Fluide, composte, le atmosfere dei racconti sono ragnatele garbate, all’interno delle quali le parole seguono un progetto d’equilibrio tra le parti e il tutto esistibile intorno. Un regno calpestato, dal quale le vicende si animano con una narrazione che scompensa la finitezza della temporalità e congiunge il trascorso con un presente di scrittura nell’intrico ammorbidito da una lettura partecipata. Fumi e dispersività si dileguano per risvegliare dalla staticità ottenebrata dalla consuetudine gestuale le movenze che attecchiscono anche in condizione di riposo. Così la tela prende vita dall’angustia. Ed effettivamente c’è bisogno di vedere con serenità contro il muro di schiamazzo e un richiamo subentra e arriva a sobillare tutto: Che cosa era successo quel giorno? Questa la richiesta in un mondo genuflesso alle risposte e che disimpara a porre domande se non con una corazza di dinieghi e contraffazioni. In tal senso, come già evidenziato, ciascun racconto sembra tenacemente rimandare un’immagine hopperiana vivacizzata e che, solo dopo la brevità circolare dell’avvenimento che la definisce, torna nella sua nicchia di quadro dai colori decisi, tonici e concettualmente rigidi, come se anche l’agire fosse illusione. Qui il materico incontra lo spostamento nella duttilità di apparenze che tali restano e che evitano di confondersi con la veridicità che vigila all’interno nella duplice presenza di dentro-fuori e di ombre (pensieri inespressi, ma non assenti) che si fanno carne e stranamente non comportano mistero secondo convenzioni esacerbate dall’uso: ciascun elemento è vitale e l’autore ne riconosce la pienezza a fronte di un visualizzare in cui Nessuno, infatti, sembrava farci caso. (…) .

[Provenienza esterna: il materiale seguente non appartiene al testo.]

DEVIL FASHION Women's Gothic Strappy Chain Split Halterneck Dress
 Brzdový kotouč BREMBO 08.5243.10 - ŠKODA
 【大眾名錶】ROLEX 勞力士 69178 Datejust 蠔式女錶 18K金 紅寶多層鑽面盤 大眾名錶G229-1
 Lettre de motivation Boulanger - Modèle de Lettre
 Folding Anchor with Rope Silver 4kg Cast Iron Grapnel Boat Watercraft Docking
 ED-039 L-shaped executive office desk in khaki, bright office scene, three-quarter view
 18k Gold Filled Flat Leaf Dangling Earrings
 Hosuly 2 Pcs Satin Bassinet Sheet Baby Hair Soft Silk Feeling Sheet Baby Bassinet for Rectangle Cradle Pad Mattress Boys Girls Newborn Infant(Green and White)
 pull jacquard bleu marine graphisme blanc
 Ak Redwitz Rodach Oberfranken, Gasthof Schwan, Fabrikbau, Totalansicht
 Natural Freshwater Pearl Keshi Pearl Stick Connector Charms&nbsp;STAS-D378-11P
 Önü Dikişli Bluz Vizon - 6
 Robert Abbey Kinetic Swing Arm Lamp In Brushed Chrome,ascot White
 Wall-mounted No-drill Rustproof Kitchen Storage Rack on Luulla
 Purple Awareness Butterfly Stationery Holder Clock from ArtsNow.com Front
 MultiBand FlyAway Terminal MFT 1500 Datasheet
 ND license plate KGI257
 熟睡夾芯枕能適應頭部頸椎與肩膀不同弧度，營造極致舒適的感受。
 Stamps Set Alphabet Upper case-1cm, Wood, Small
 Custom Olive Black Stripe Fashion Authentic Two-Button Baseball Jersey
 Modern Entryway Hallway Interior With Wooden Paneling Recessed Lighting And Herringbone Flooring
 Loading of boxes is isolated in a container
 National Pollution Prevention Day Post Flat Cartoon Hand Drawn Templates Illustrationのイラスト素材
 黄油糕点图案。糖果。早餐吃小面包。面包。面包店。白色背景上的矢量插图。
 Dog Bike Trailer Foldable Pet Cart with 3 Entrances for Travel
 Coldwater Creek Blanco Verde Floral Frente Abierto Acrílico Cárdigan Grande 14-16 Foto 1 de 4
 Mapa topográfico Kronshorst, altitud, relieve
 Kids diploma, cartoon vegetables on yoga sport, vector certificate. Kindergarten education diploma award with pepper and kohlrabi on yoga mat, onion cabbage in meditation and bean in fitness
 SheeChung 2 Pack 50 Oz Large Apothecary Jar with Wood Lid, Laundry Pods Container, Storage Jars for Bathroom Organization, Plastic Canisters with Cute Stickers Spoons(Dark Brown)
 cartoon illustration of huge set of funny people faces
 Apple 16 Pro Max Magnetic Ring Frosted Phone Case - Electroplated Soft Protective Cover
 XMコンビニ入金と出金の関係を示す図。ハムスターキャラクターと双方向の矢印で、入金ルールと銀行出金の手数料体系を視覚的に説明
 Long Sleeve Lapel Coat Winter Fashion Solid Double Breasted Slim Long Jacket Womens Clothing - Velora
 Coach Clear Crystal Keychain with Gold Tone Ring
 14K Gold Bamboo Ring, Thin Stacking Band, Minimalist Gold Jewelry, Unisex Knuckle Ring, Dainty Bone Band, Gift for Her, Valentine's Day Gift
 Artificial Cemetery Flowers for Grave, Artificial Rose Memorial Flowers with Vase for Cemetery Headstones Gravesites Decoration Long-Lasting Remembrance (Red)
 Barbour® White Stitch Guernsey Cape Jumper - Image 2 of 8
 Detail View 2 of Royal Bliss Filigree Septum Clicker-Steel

Ecco il fattore misterico: ciò che diviene abitudine si ritrova di colpo in una vecchiaia pari a inutilità, disaffezione. Epperò nell’habitus è anche la proiettività: Cos’è che vedi? ‒ È la domanda che scuote l’intero corpo del libro in un tempo che insiste pur senza averne facoltà traduttiva, così come intraducibile è la transizione che avviene quando le mani e il passo sono impegnati inconsapevolmente con vicende di cui si disperde ben presto la memoria e che, tuttavia, rappresentano il territorio di svolte che invisibili attraversano la mente, talora rendendoci partecipi.